Think twice before creating an UTMA account. Custodial investment accounts permitted under the Uniform Transfers to Minors Act (UTMA) allow families to gift assets to a child without having to set up a trust. In addition to that convenience, an UTMA can offer a distinct tax advantage to parents. While such perks are nice in the present, the bigger question is what will happen to those assets down the road.
What potential benefits do UTMA accounts offer to families? Assets in an UTMA account (or UGMA account, the earlier version still used in a few states) are owned by the child, not the parents. As a result, UTMA investment income is generally taxed at the child’s tax rate instead of the parents’ tax rate. That can mean big savings – unless the “kiddie tax” strikes.
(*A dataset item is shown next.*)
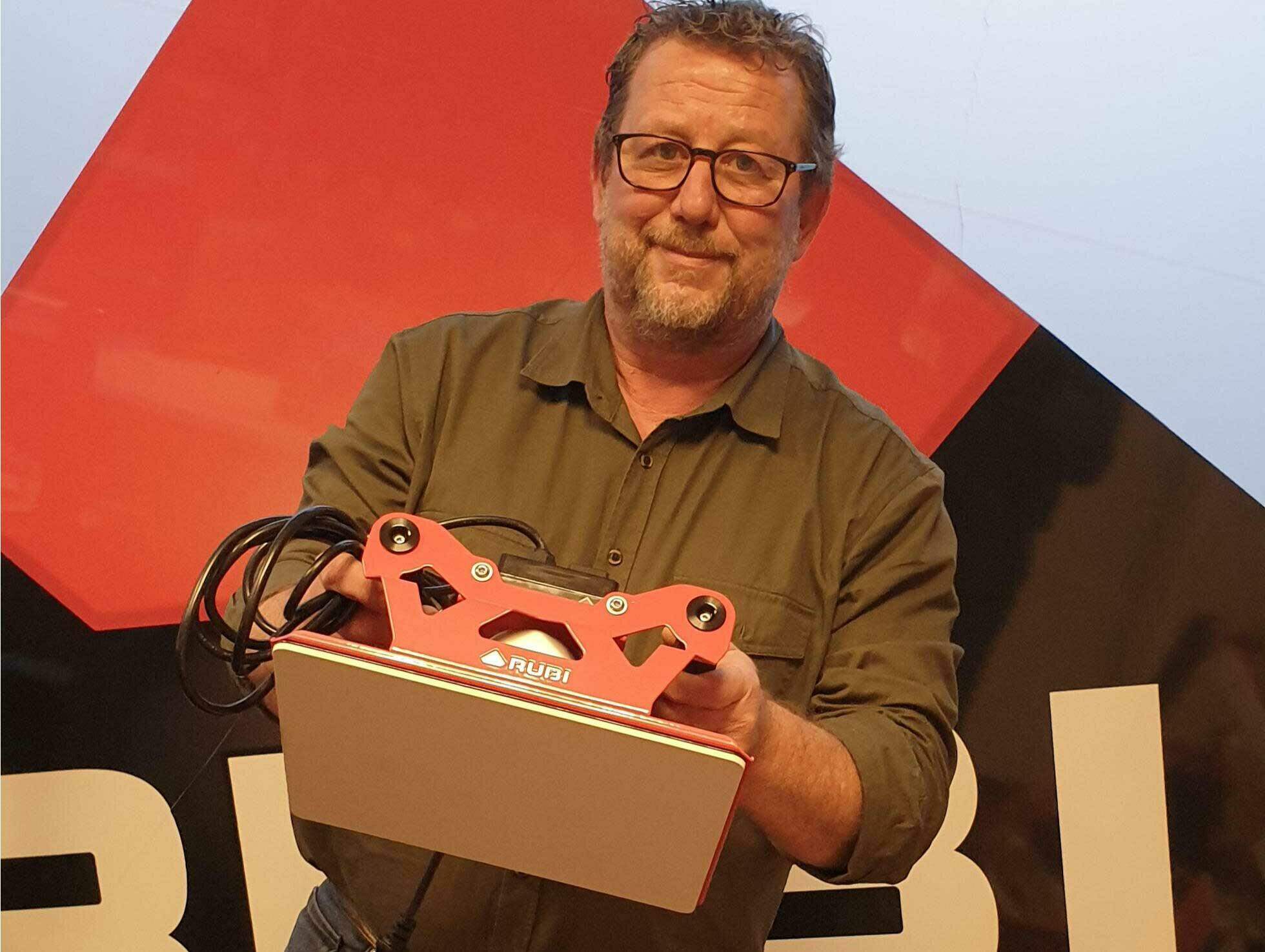 De RUBI TRILLER is de nieuwe elektrische tegelklopper van RUBI voorgesteld door Bert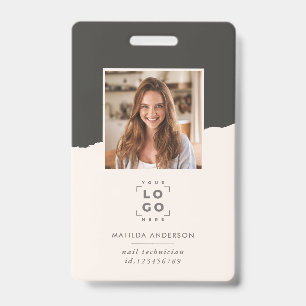 Crachá Cinza e abstrato fotográfico mínimo branco moderno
In 2013, the first $1,000 earned by an UTMA account is tax-free, providing that child has no other income and is younger than 19 (or younger than 24 and a full-time student whose unearned income does not provide 50% of his/her support). The next $1,000 of investment income from the UTMA is taxed at the child’s tax rate. The kiddie tax kicks in at the $2,000 threshold: account earnings above $2,000 are taxed at the parents’ top marginal tax rate and become part of the parents’ taxable income. (One asterisk: all income will be reported on the child’s tax return if he or she is age 19 and not a student, or age 24 regardless of student status.) Practically speaking, wealthy families can potentially see tax savings via an UTMA account by shifting ownership of some fixed-income securities in a portfolio to a child. As capital gains and dividends aren’t taxed as ordinary income, there is a little less merit in passing such investment income off to a minor.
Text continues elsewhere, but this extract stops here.